It wasn’t that John Wells, executive producer of groundbreaking TV dramas including ER and The West Wing, had never considered making the jump to the big screen. He had received offers, but none of them felt right. Then his brother-in-law fell victim to corporate downsizing, and Wells started writing and researching and seeking out thousands of the unemployed, to share with him accounts of life on the frontlines.
“The stories were self-deprecating, tragic and humorous, but above all dignified,” he says. “That integrity was the common thread in all the people I spoke to, from the couple hundred I met to the couple thousand I found online. I knew I had to present their experiences with the same qualities.”
The result is The Company Men, a drama, written and directed by Wells, that addresses not only joblessness in the wake of a historic economic meltdown, but also workplace realities that, he believes, have undermined the good-faith relationship between employers and employees.
Wells, 53, admits that Men wasn’t an easy sell. “Major studios don’t make movies like this anymore, because they’re beholden to stockholders and international audiences.
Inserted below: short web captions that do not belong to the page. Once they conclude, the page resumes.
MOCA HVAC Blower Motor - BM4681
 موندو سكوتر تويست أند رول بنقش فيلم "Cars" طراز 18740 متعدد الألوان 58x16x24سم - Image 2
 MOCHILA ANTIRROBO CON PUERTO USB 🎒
I was lucky to have a great cast that helped keep things moving. But if I didn’t get financing when I did, around the time the Bush administration was leaving office, I think the movie would have disappeared.”
Heading Wells’ formidable cast are Tommy Lee Jones, Chris Cooper and, as a boardroom hotshot reduced to manual labor after catching an unexpected pink slip, Ben Affleck. Wells says Affleck was the first to sign on, tireless in his efforts to recruit a solid supporting cast, and ideally suited to playing someone not always easy to love.
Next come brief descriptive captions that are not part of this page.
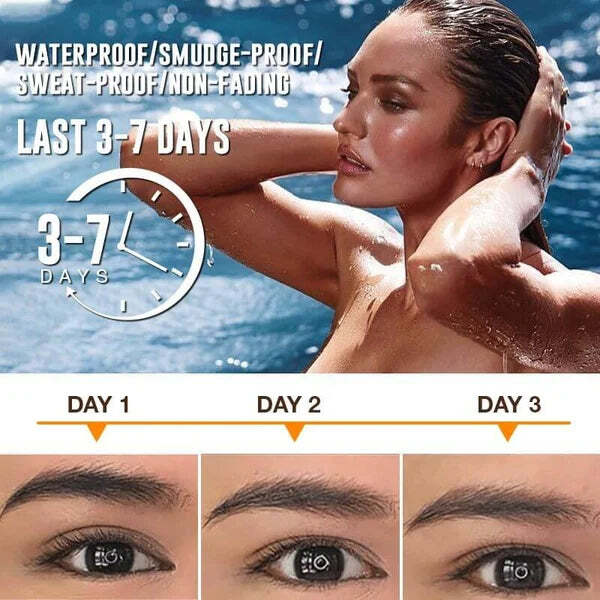 Waterproof Semi permanent Eyebrow Gel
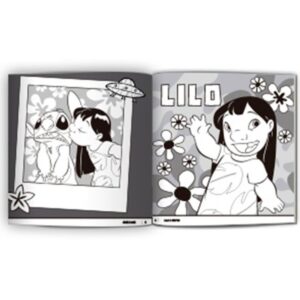 Livro Infantil Colorir Arte e Cor Stitch 27X27CM 36P - Imagem 2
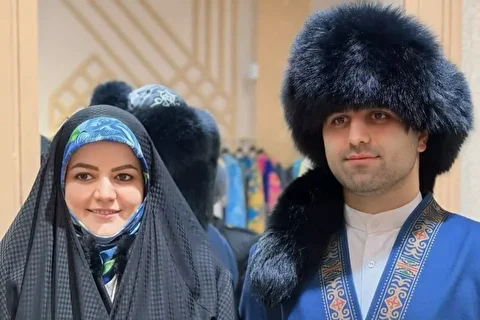 آماده کردن داماد پزشکیان توسط زن قزاقستانی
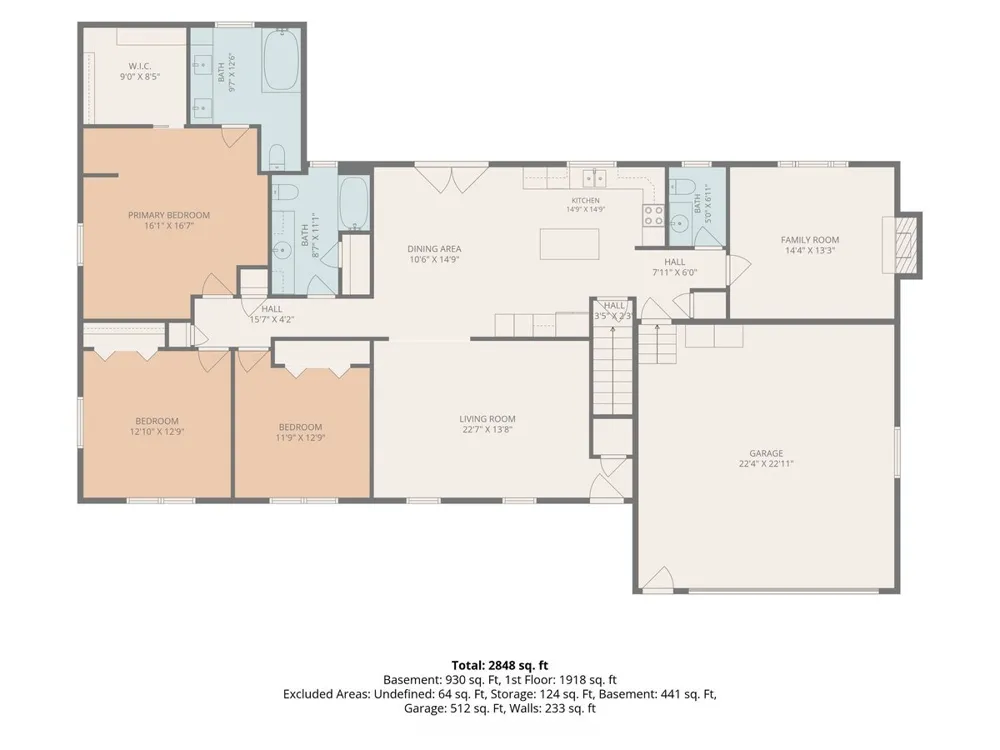 5866 Ponderosa Drive Stevensville, MI 49127
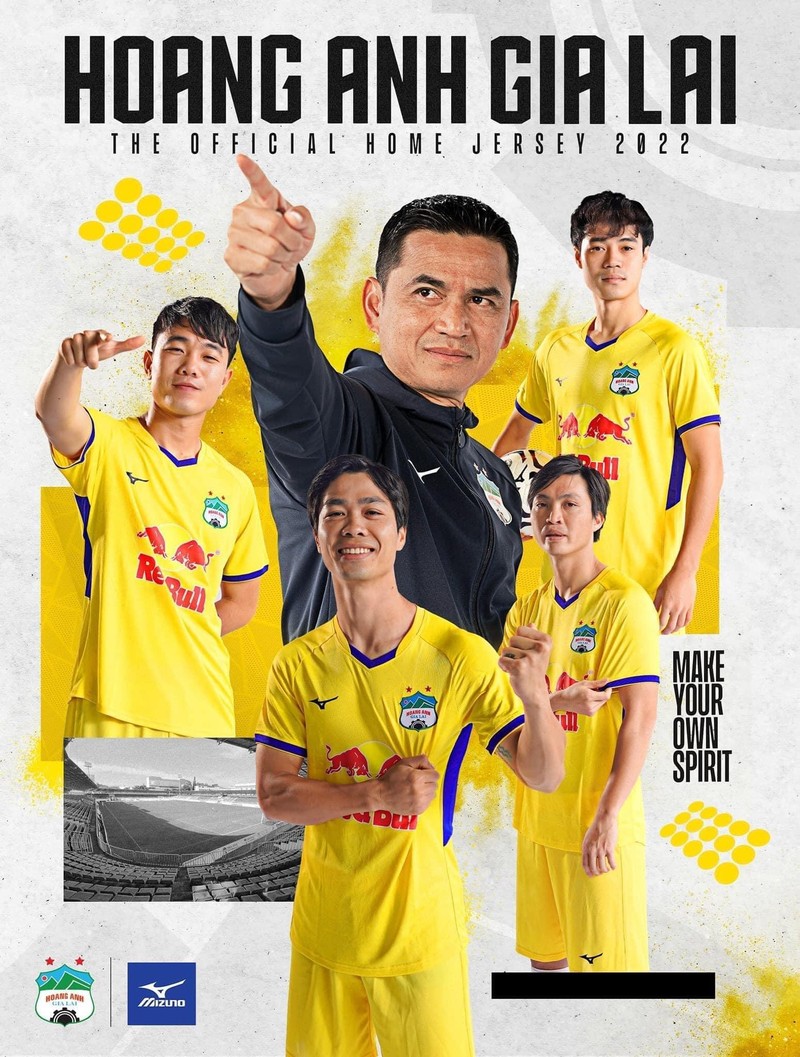 Vấn đề lớn của HAGL nằm ở các tuyển thủ quốc gia. Ảnh HAGL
“Ben’s character was meant to be someone you don’t necessarily like, and you might even hope he gets some comeuppance,” Wells explains. “He’s successful, he’s arrogant – kind of like Ben, who’s a little too handsome and a little too smart. You want to love him and you want to punch him in the face at the same time.”
For a pivotal conversation between Jones and Affleck, Wells wanted the backdrop of a dilapidated steel mill, the symbol of a failed American industry. The director wanted to set his story in Pittsburgh, where he attended Carnegie Mellon’s School of Drama. But when that didn’t work out, Wells moved the setting to Affleck’s backyard – Quincy, Mass., where the shipbuilding industry was on life support.
Wells thinks he knows why, though he’s quick to admit he didn’t arrive at this conclusion himself. “Because of changes in the European and Asian marketplaces, America had the opportunity to make things for everybody, and our postwar production became the base for the entire world. But over the last few decades, changes in corporate culture have fractured the compact between employer and employee.
“It used to be that the employer would look out for your interests to some extent, not so much that they’d go out of business to support you, but their first reaction wouldn’t be to cut you. The Harvard Business Review came up with the theory of the ‘anorexic company’ – being obsessed with trying to be profitable from quarter to quarter without really thinking about the future.”
Now, Wells argues, businesses are faceless entities, with no real connection to their workers, who are treated as commodities. The phenomenon is a double-edged sword, undercutting American industry in the long-term and crushing the victims of downsizing and layoffs in the present.
What the director learned, in talking to these casualties, is one of the lessons central to Men. “Since we can’t rely on our jobs and the loyalty of our employers, who can we rely on? In the end, it’s family and friends. Those are the people there to support you. That’s where you find the loyalty absent from the workplace. It might seem intuitive, but it’s a powerful thing to learn.”